Guy Heinze Jr., 22, was arrested Friday on eight counts of first-degree murder in the slayings last weekend near the coastal community of Brunswick. Among those killed were seven of Heinze’s relatives.
The dead included the suspect’s father, Guy Heinze Sr., 45; his uncle, Rusty Toler Sr., 44; and his aunt Brenda Gail Falagan, 49. Also slain were Toler Sr.’s four children — Chrissy Toler, 22; Russell D. Toler Jr., 20; Michael Toler, 19; and Michelle Toler, 15.
Chrissy Toler’s boyfriend, Joseph L. West, 30, was also killed.
Outcry over school speech
WASHINGTON — The White House on Friday dismissed as pointless the furor over President Barack Obama’s plan to deliver a televised back-to-school speech to the nation’s students.

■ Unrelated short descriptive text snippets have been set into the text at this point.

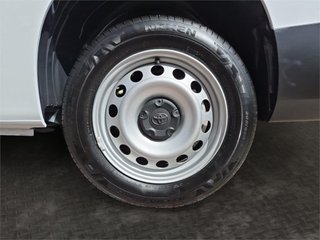 TOYOTA Proace City - MY25 GX COMBI N1 L2 1.5D 75kW 6MT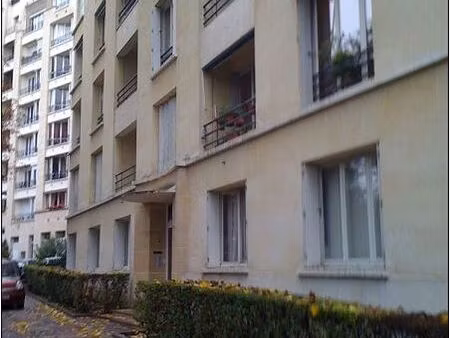 appartement t3 à louer à vanves – balcon  terrasse  cave et chauffage collectif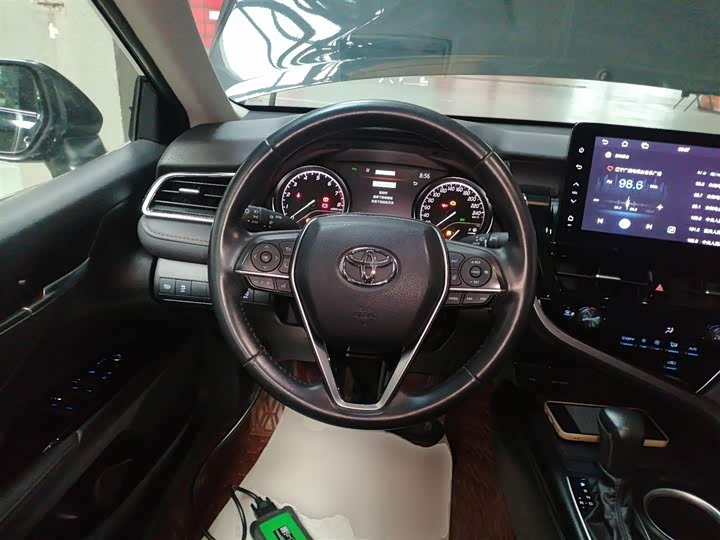 Фото 11 - Toyota Camry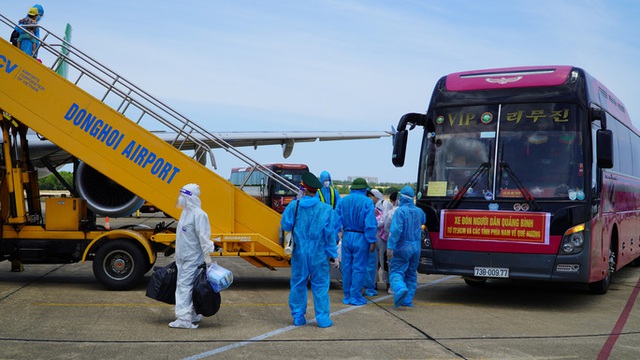  Hai chuyến bay chở gần 400 bà bầu, trẻ em từ TP HCM về đến Quảng Bình  - Ảnh 12.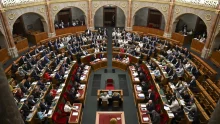 Magyar Péter felszólalásával kezdődik az Országgyűlés kétnapos ülése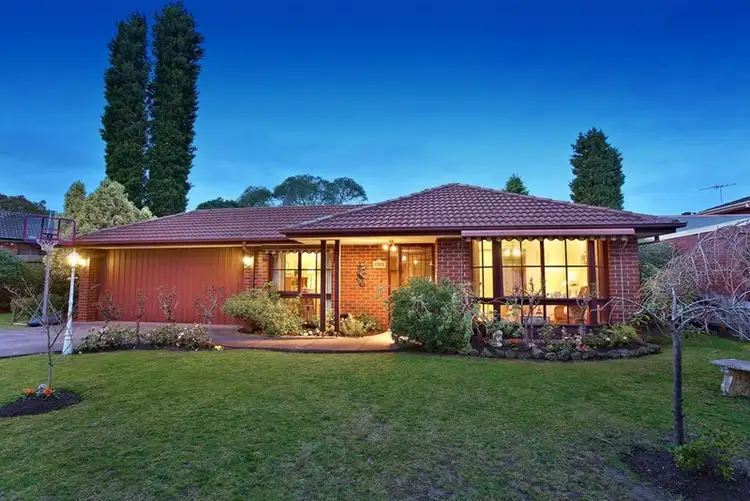 14 Edgewood Court, Wantirna South VIC 3152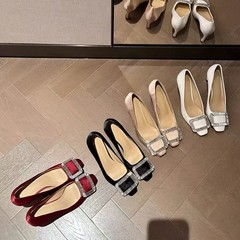 【在庫あり】クラシックな早春の新作RVシルクサテンラインストーンシングルシューズ、レディースウェディングシューズ、浅口ハイヒール、スクエアトゥハイヒール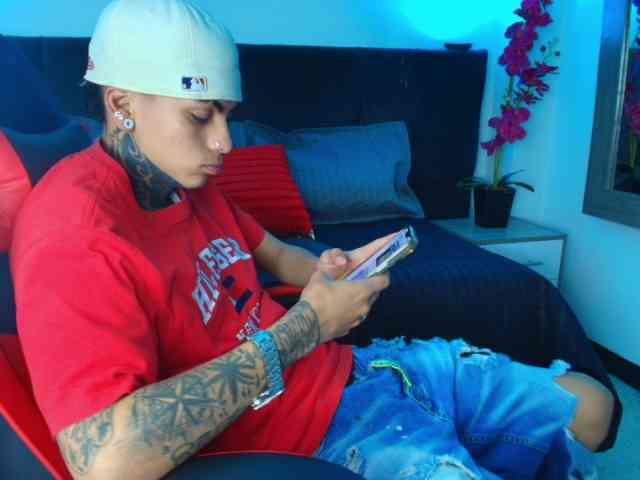 AdamsWalkerr Live Webcam on BongaCams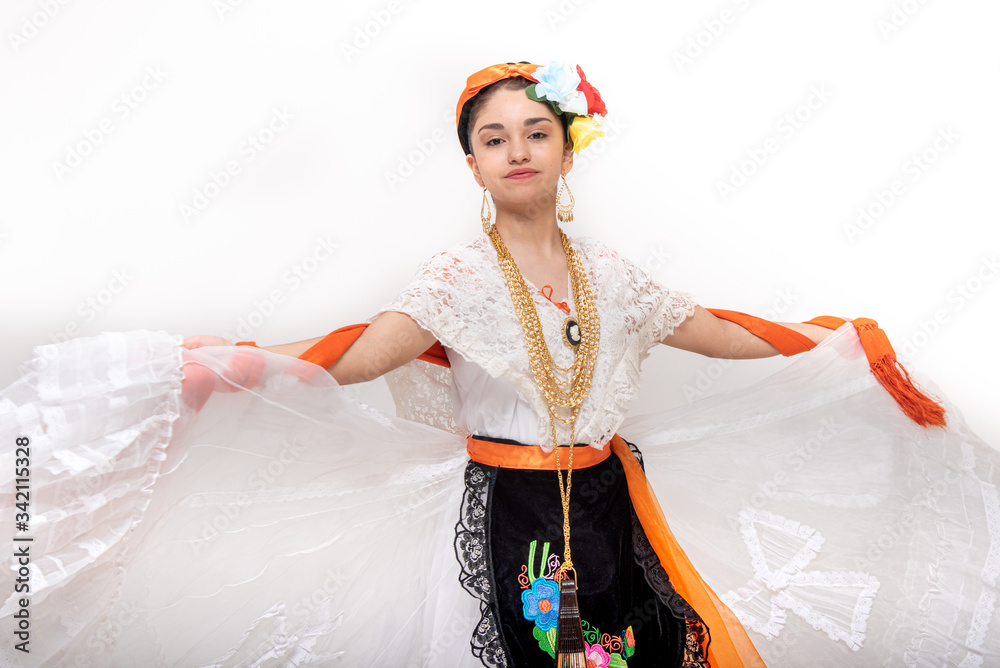 adolecente latina, con traje tipico de veracruz mexico, jarocha con vestido  blanco rebozo naranja, abanico, bamba, arpa baile tradicional de mexico,  fiestas patrias foto de Stock | Adobe Stock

“I think we’ve reached a little bit of the silly season when the president of the United States can’t tell kids in school to study hard and stay in school,” presidential spokesman Robert Gibbs told reporters. “I think both political parties agree that the dropout rate is something that threatens our long-term economic success.”
Some conservative critics say Obama is trying to promote a political agenda and overstepping his bounds, taking the federal government too far into public-school business.
Two radio towers toppled
SEATTLE — Two radio-station towers near Seattle that have generated intense local opposition were toppled early Friday in an act of sabotage that bore the initials of the radical Earth Liberation Front.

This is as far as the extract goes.